O segundo maior problema ambiental apontado por Pinguelli Rosa foi o consumo de energia. "Estamos aumentando o uso de carvão mineral na geração elétrica. Então, o Brasil está saindo da hidro-eletricidade para o carvão mineral, para o óleo diesel, e isso não é bom", afirmou. Outro ponto, segundo ele, é a necessidade de uma melhor política de transporte público. "Precisamos optar pelo transporte coletivo no dia-a-dia, e estender o sistema de metrô, por exemplo. Usar o carro gasta muita energia."
Segundo Miguez, um dos caminhos para reduzir a emissão de gases seria implantar ações nos moldes do Programa de Incentivo às Fontes Alternativas de Energia Elétrica (Proinfa) no setor de geração elétrica. "O governo federal precisa incentivar a produção de energia elétrica de fontes renováveis, como eólica, biomassa ou pequenas centrais hidrelétricas. Esse deveria ser o modelo do Plano de Ação Nacional de Enfrentamento das Mudanças Climáticas", disse. O Proinfa é um programa voltado para a diversificação da matriz energética nacional, coordenado pelo Ministério de Minas e Energia (MME).
A energia eólica é obtida pelo movimento do ar (vento). É uma fonte abundante de energia, renovável, limpa e amplamente disponível. Cerca de 50 países, entre ricos e pobres, em todos os continentes, têm utilizado com sucesso a energia eólica, como a Alemanha (com cerca de 8.800 megawatts instalados), Estados Unidos (4.200 MW), Espanha (3.300 MW), Dinamarca (2.400 MW) e Índia (1.500 MW).
A biomassa é um tipo de matéria utilizada na produção de energia a partir de processos de combustão de materiais como a lenha, o bagaço de cana e papéis já utilizados. Entre os derivados da biomassa está o biodiesel, feito a partir do dendê, mamona, soja ou de outro produto. Pequena Central Hidrelétrica (PCH) é toda usina hidrelétrica de pequeno porte cuja capacidade instalada seja superior a 1 MW e inferior a 30 MW.
Na reunião realizada no Rio de Janeiro, o Fórum Brasileiro de Mudanças Climáticas não chegou a uma posição em relação à energia nuclear. "Reconhecemos a vantagem dela em não emitir CO2, mas esse tipo de energia tem outros problemas, como o risco radiativo.

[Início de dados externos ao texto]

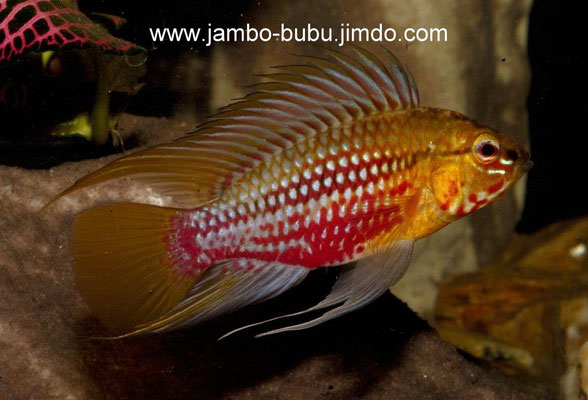 Apistogramma hongsloi Zuchtform Zenner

A energia nuclear não é uma opção madura e o Brasil tem outras escolhas. Temos urgentemente que evitar o uso do carvão mineral precocemente na matriz energética brasileira e estabelecer metas de redução do desmatamento", destacou Pinguelli Rosa.

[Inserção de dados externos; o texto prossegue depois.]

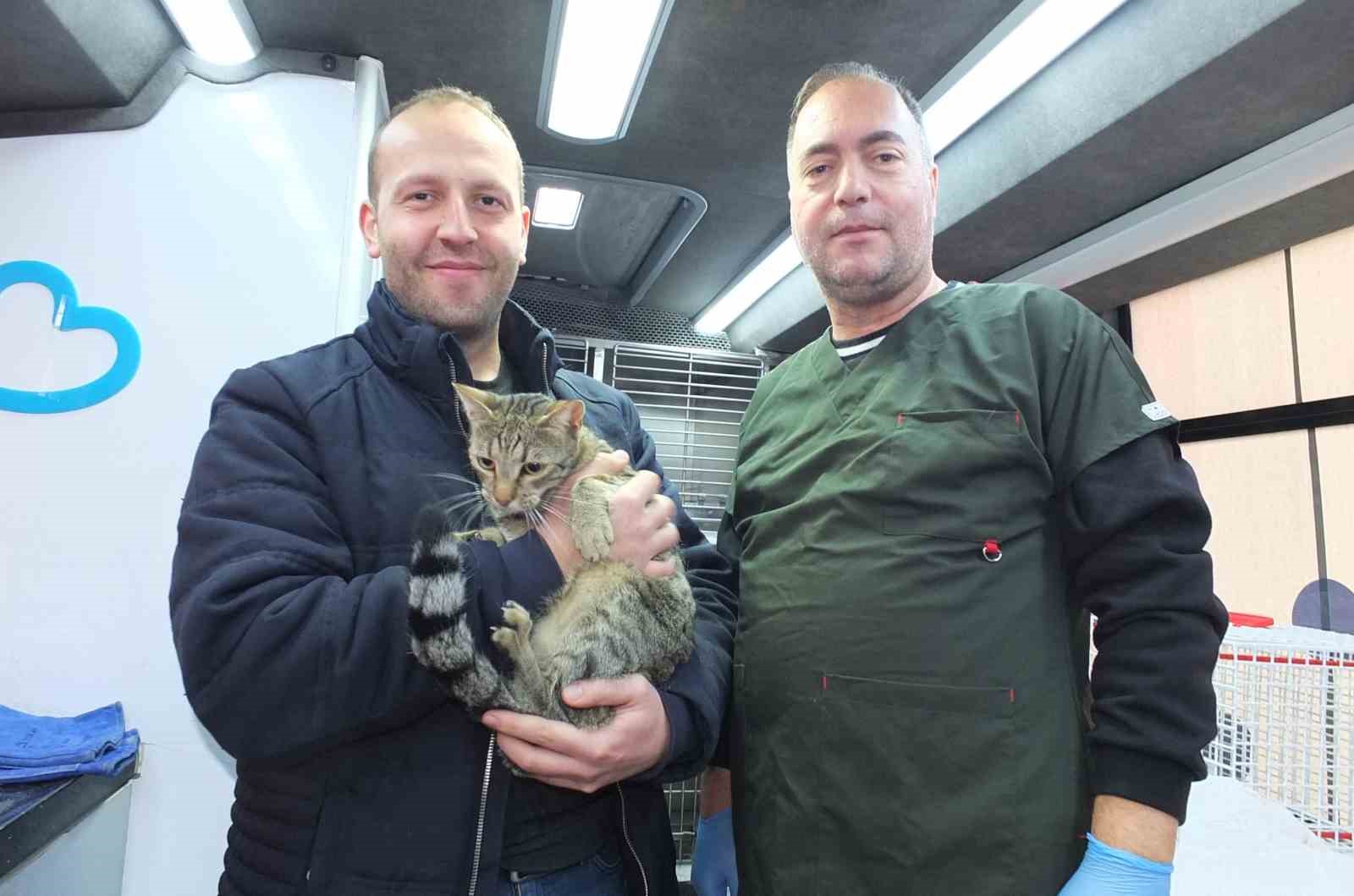 Balıkesir de sokak hayvanlarına &uuml;cretsiz tedavi desteği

O documento proposto pelo Fórum, encaminhado ao presidente Lula, estrutura o Plano de Ação Nacional de Enfrentamento das Mudanças Climáticas em três eixos estratégicos: ações coordenadas do governo, desenvolvimento de uma rede de pesquisa e criação de uma entidade nacional de políticas do clima. "Precisamos ter um mecanismo de estímulo à pesquisa, de financiamento a professores, pesquisadores e estudantes que se dedicam ao tema das mudanças climáticas e ambientais e todos os temas correlatos", disse Pinguelli Rosa.
As propostas do Fórum terão um longo caminho até chegar ao governo, passando pelos ministérios de Meio Ambiente, Ciência e Tecnologia, Relações Exteriores, Minas e Energia e finalmente pela Casa Civil. A idéia, segundo Pinguelli, é que o governo inclua as propostas no debate e depois envie novamente as primeiras versões do Plano de Ação para o Fórum para que seja então discutido também pela sociedade.